REQUIRED WORK => Look below for the line that contains "Weiß: Der Mitarbeiter", and write out exactly that line and all remaining lines of the listing, omitting pictures.

INFORMATION PROVIDED =>
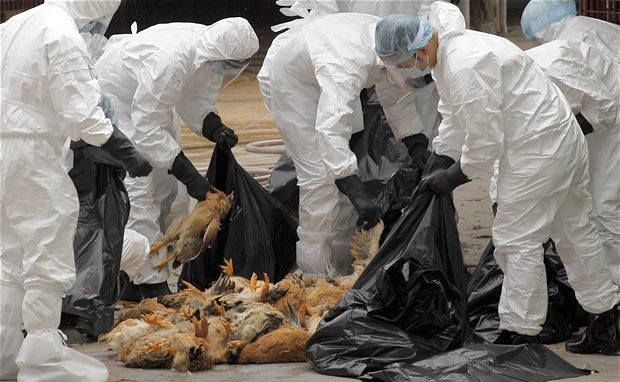 Nam Định: Lập danh sách theo dõi sức khỏe 70 người tại ổ dịch cúm A/H5N1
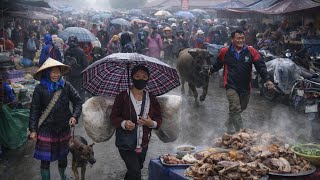 FULL CHỢ VÙNG CAO - SÍN CHÉNG (Lào Cai) | Ẩm Thực Thực Mê Hoặc Lòng Người - Văn Hóa Bản Địa Đặc Sắc
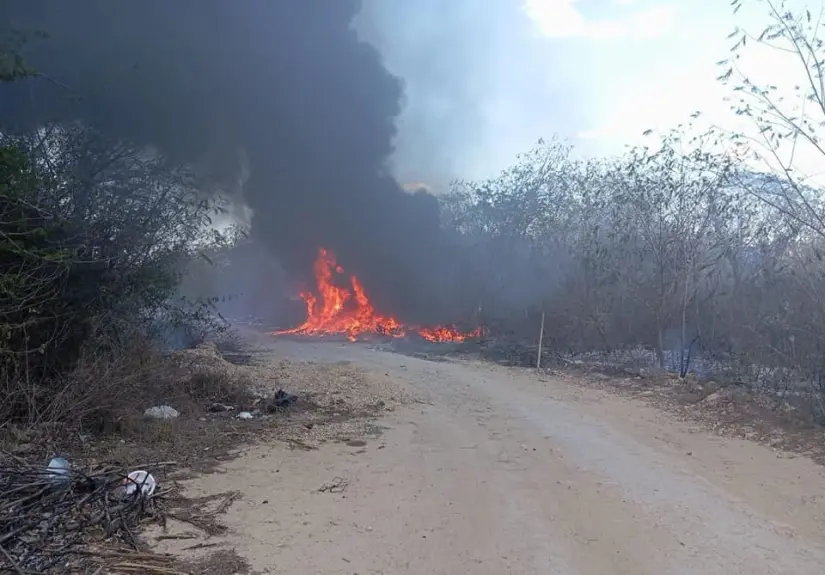 imagen recuadro imagen recuadro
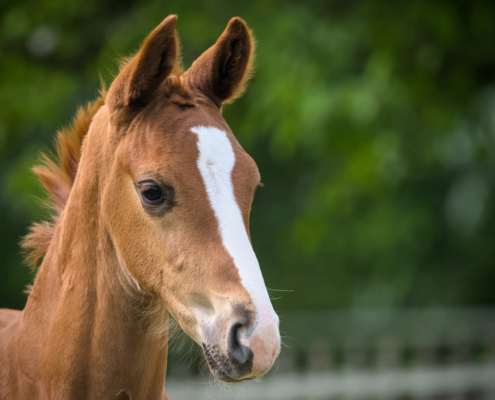 Veulen en scooter voor zus winstuitdeling bij DGA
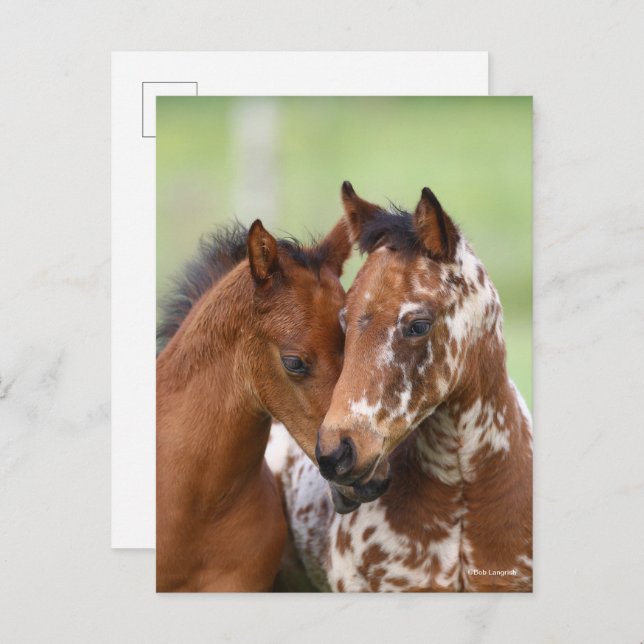 Carte Postale Bob Langrish | Deux Rencontres d'Appaloosa Foies (Devant / Derrière)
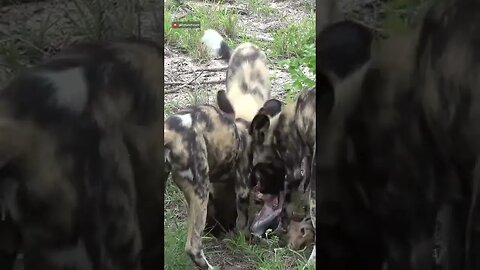 Painted Wolves Devour Prey #shorts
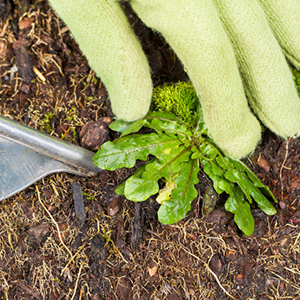 Insect & Weed Control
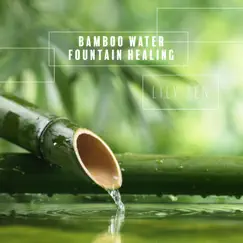 Bamboo Water Fountain Healing: BGM for Relaxation & Meditation by Lily Zen album reviews, ratings, credits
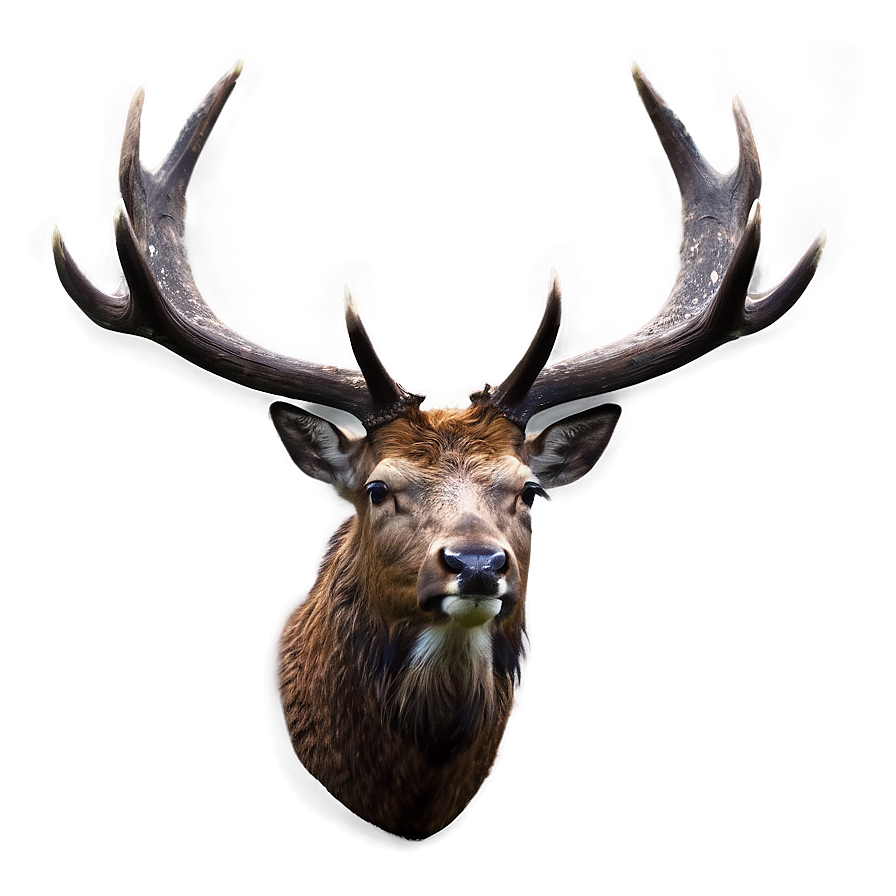 Red Deer Stag Png Xrr12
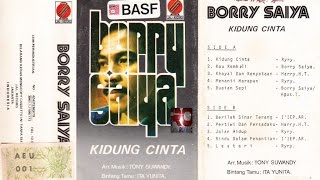 Hanya Untukmu ~ Borry Saiya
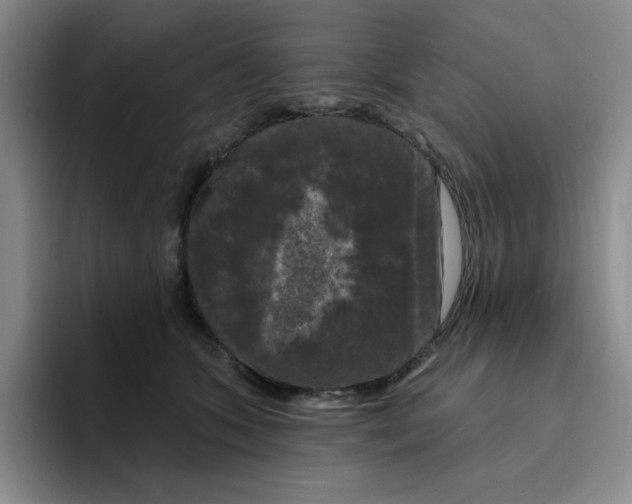 X0000096410563200802211228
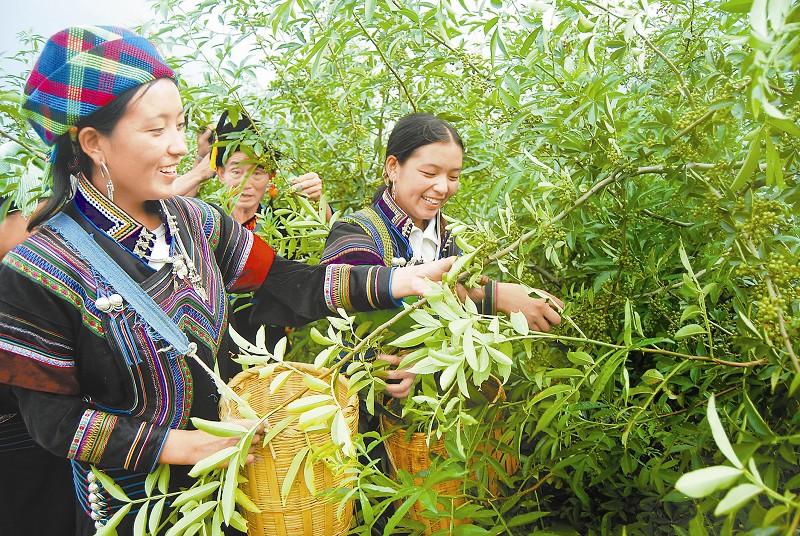 点击浏览下一页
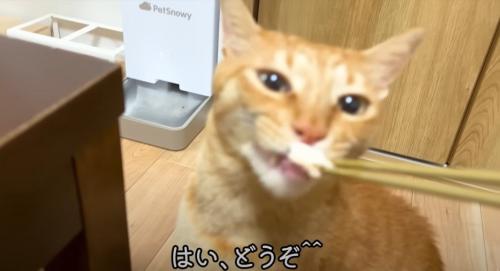 お箸でサンマを食べさせてもらう茶トラ猫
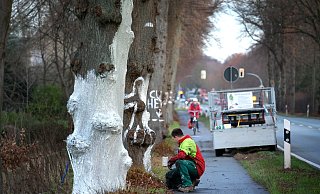 Weiß: Der Mitarbeiter der Straßenmeisterei streicht eine Kalk-Mineral-Mischung über die Stämme. - Andreas Frücht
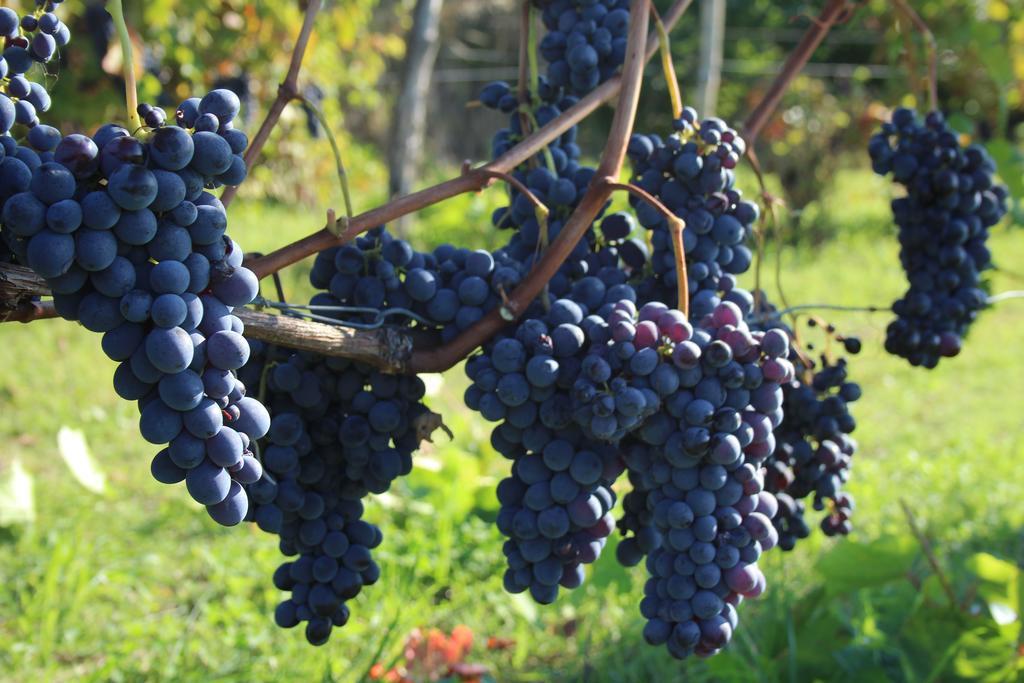 Azienda Agricola Garoglio Davide Альфьяно-Натта Экстерьер фото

TASK ANSWER =>
 Weiß: Der Mitarbeiter der Straßenmeisterei streicht eine Kalk-Mineral-Mischung über die Stämme. - Andreas Frücht
 Azienda Agricola Garoglio Davide Альфьяно-Натта Экстерьер фото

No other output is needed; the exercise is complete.